What is really true for us—wholly, deeply, undeniably true at a soul level—often appears as flashes of intuition. We encounter it in dark nights of the soul. We see it reflected back to us through the mirrors of other people. We feel it in our bones. But we often deny what is true for us. If we ignore the truth when it visits us from the subtle realms, it tends to out-picture via the body. The body speaks to us in whispers, but if we fail to pay attention to the whispers, the body starts to yell.

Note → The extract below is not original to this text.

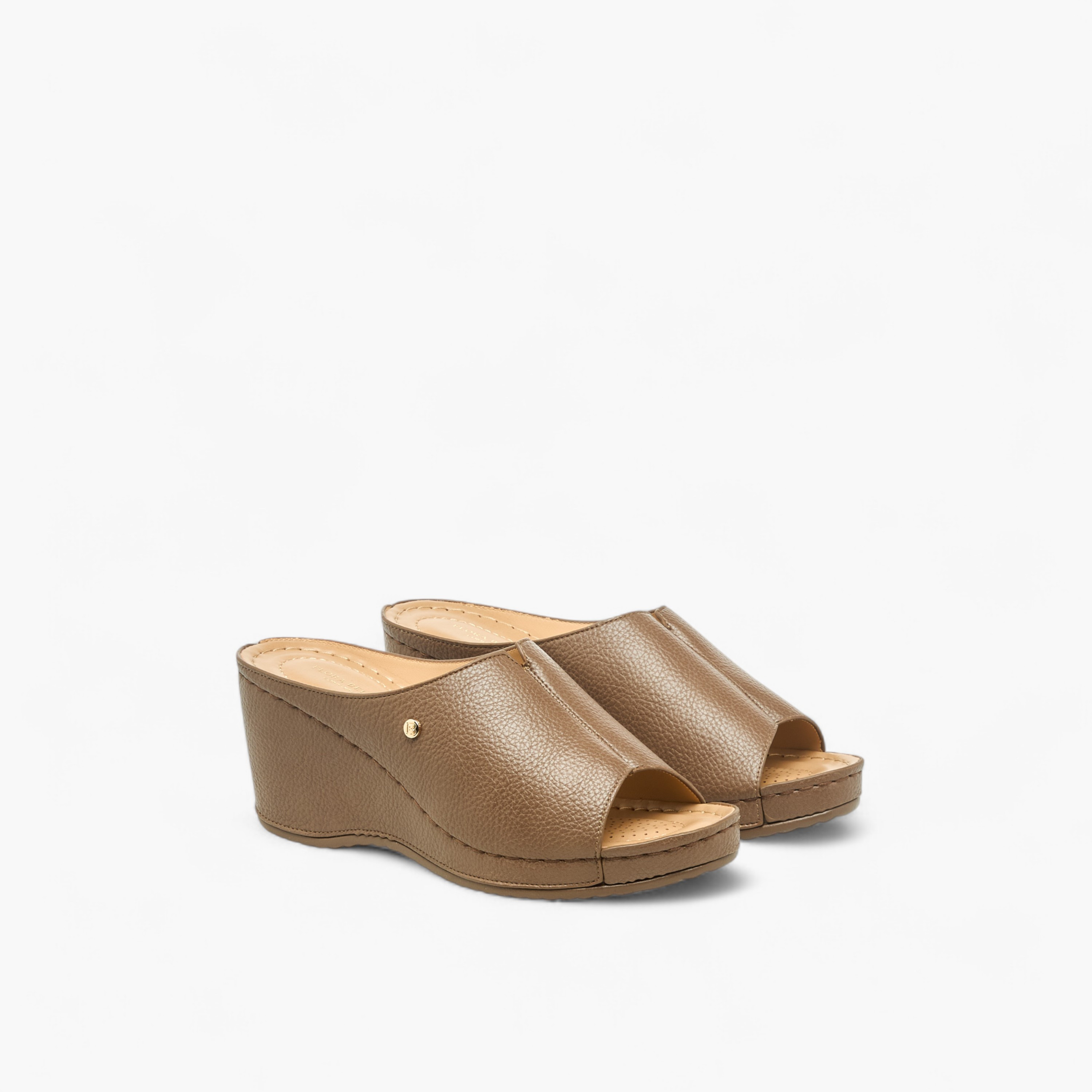 صندل ويدج سهل الارتداء للنساء من فلورا بيلا-women-shoes-sandals-heeled-image-1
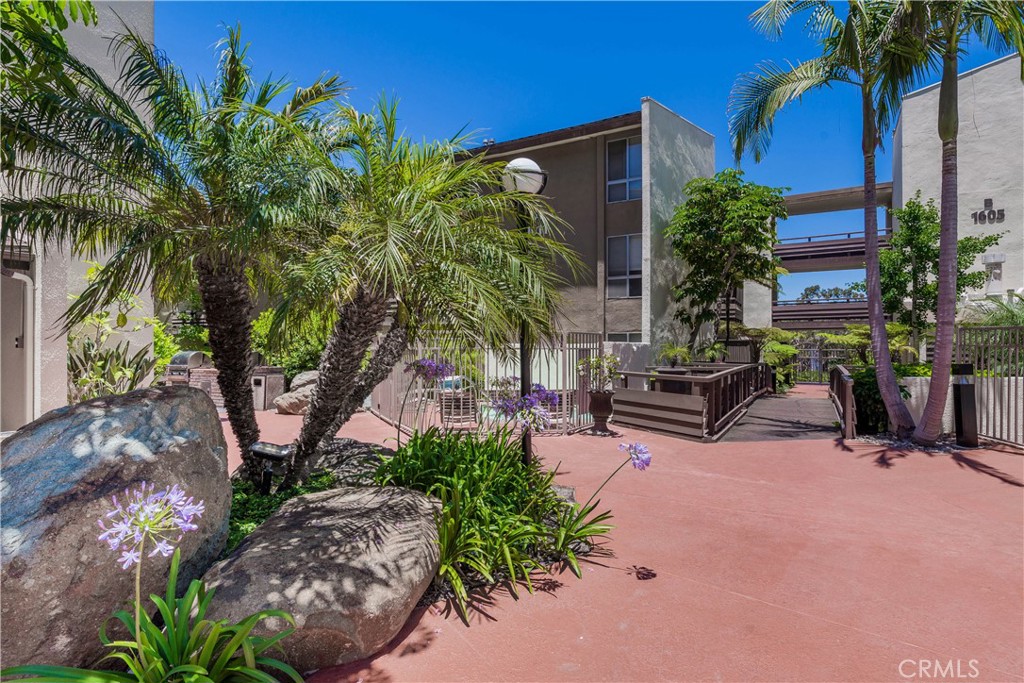 1625 Hotel S Property Photo 37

Discomfort in the body may start as tightness in the solar plexus, or it shows up as back pain or headaches. If we still ignore the messages our bodies are sending us about what is true for us, the body breaks down in more life-threatening ways. If your doctor asked you “What is your body saying ‘No’ to?” would you be brave enough to tell yourself the truth?
2. What does your body need in order to heal?
As doctors, we go to medical school, ostensibly so we know your body better than you do. While it may be true that we know your anatomy better than you, your intuition knows what is in your body’s best interest better than any doctor possibly could.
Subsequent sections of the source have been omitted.